# What you should do
Exactly as written, output each of the entries below.

>>

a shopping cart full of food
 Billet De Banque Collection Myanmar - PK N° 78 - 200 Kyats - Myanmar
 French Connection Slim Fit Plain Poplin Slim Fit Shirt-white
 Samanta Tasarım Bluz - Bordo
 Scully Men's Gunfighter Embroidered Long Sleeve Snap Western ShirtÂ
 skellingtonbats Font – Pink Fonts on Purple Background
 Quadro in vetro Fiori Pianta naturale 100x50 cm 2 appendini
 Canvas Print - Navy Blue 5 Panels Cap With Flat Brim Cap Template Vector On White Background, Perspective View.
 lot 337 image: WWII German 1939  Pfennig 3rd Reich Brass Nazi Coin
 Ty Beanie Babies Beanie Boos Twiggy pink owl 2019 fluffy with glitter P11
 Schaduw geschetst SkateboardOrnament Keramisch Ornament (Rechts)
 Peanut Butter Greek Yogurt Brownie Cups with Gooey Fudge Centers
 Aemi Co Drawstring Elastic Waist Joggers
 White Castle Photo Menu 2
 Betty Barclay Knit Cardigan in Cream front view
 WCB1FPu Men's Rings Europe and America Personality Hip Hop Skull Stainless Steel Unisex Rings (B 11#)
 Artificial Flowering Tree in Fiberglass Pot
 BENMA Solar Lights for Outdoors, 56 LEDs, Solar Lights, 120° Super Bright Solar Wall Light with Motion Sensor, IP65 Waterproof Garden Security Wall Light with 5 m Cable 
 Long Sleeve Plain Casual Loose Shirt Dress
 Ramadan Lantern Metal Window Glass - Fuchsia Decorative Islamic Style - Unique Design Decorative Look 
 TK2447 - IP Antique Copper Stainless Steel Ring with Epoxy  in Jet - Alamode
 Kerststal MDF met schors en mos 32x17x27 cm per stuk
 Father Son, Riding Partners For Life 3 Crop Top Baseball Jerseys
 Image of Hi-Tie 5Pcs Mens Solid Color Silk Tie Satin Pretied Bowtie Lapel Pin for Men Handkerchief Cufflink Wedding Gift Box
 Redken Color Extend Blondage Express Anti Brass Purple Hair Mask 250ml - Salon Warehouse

<<

# Exercise result
a shopping cart full of food
 Billet De Banque Collection Myanmar - PK N° 78 - 200 Kyats - Myanmar
 French Connection Slim Fit Plain Poplin Slim Fit Shirt-white
 Samanta Tasarım Bluz - Bordo
 Scully Men's Gunfighter Embroidered Long Sleeve Snap Western ShirtÂ
 skellingtonbats Font – Pink Fonts on Purple Background
 Quadro in vetro Fiori Pianta naturale 100x50 cm 2 appendini
 Canvas Print - Navy Blue 5 Panels Cap With Flat Brim Cap Template Vector On White Background, Perspective View.
 lot 337 image: WWII German 1939  Pfennig 3rd Reich Brass Nazi Coin
 Ty Beanie Babies Beanie Boos Twiggy pink owl 2019 fluffy with glitter P11
 Schaduw geschetst SkateboardOrnament Keramisch Ornament (Rechts)
 Peanut Butter Greek Yogurt Brownie Cups with Gooey Fudge Centers
 Aemi Co Drawstring Elastic Waist Joggers
 White Castle Photo Menu 2
 Betty Barclay Knit Cardigan in Cream front view
 WCB1FPu Men's Rings Europe and America Personality Hip Hop Skull Stainless Steel Unisex Rings (B 11#)
 Artificial Flowering Tree in Fiberglass Pot
 BENMA Solar Lights for Outdoors, 56 LEDs, Solar Lights, 120° Super Bright Solar Wall Light with Motion Sensor, IP65 Waterproof Garden Security Wall Light with 5 m Cable 
 Long Sleeve Plain Casual Loose Shirt Dress
 Ramadan Lantern Metal Window Glass - Fuchsia Decorative Islamic Style - Unique Design Decorative Look 
 TK2447 - IP Antique Copper Stainless Steel Ring with Epoxy  in Jet - Alamode
 Kerststal MDF met schors en mos 32x17x27 cm per stuk
 Father Son, Riding Partners For Life 3 Crop Top Baseball Jerseys
 Image of Hi-Tie 5Pcs Mens Solid Color Silk Tie Satin Pretied Bowtie Lapel Pin for Men Handkerchief Cufflink Wedding Gift Box
 Redken Color Extend Blondage Express Anti Brass Purple Hair Mask 250ml - Salon Warehouse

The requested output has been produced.